In this excercise I want to show that $\nabla_\rho g_{\mu \nu}=0$ and $\nabla_\rho g^{\mu \nu}=0$
This should probably be very easy, but excuse me I'm completly new to GR.
So to do this I used that the covariant derivative of a rank 2 tensor is
$$ \nabla_c t^{ab} = \partial_c t^{ab} + \Gamma^a_{dc}t^{db}+\Gamma^b_{dc}t^{ad} $$ $$ \nabla_c t_{ab} = \partial_c t_{ab} - \Gamma^d_{ac}t_{db}-\Gamma^d_{bc}t_{ad} $$
And I rewrote the connection in therms of partial derivatives of the metric.
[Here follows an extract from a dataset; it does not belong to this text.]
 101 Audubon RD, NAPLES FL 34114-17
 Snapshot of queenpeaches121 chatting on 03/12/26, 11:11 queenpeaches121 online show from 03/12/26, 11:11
So for the covariant components of the metric this worked out nicely, everything canceld and ended up to be zero.
Now with the contravariant components I'm running into trouble:
$$ \nabla_\rho g^{\mu \nu} = \partial_\rho g^{\mu\nu} + \Gamma^\nu_{d\rho}g^{d\nu}+\Gamma^v_{d\rho}g^{\mu d}=\\ \partial_\rho g^{\mu\nu} + \frac{1}{2}g^{\mu e} (\partial_d g_{e \rho} + \partial_\rho g_{de} -\partial_e g_{d\rho})g^{d \nu}+ \frac{1}{2}g^{\nu e} (\partial_d g_{e \rho} + \partial_\rho g_{de} -\partial_e g_{d\rho})g^{\mu d} $$
Now the two parts inside the brakets are the same and the metrics outside replace the dummy indices d and e by $\nu$ and $\mu$. If I raie the indices d and e four of the six terms cancel each other but then I am left with:
$$ \nabla_\rho g^{\mu \nu} = 2 \partial_\rho g^{\mu \nu} $$
This is clearly not zero for a general metric in non local coordinates. So I assume I'm messing something up completly, pleas ehelp me to understand this.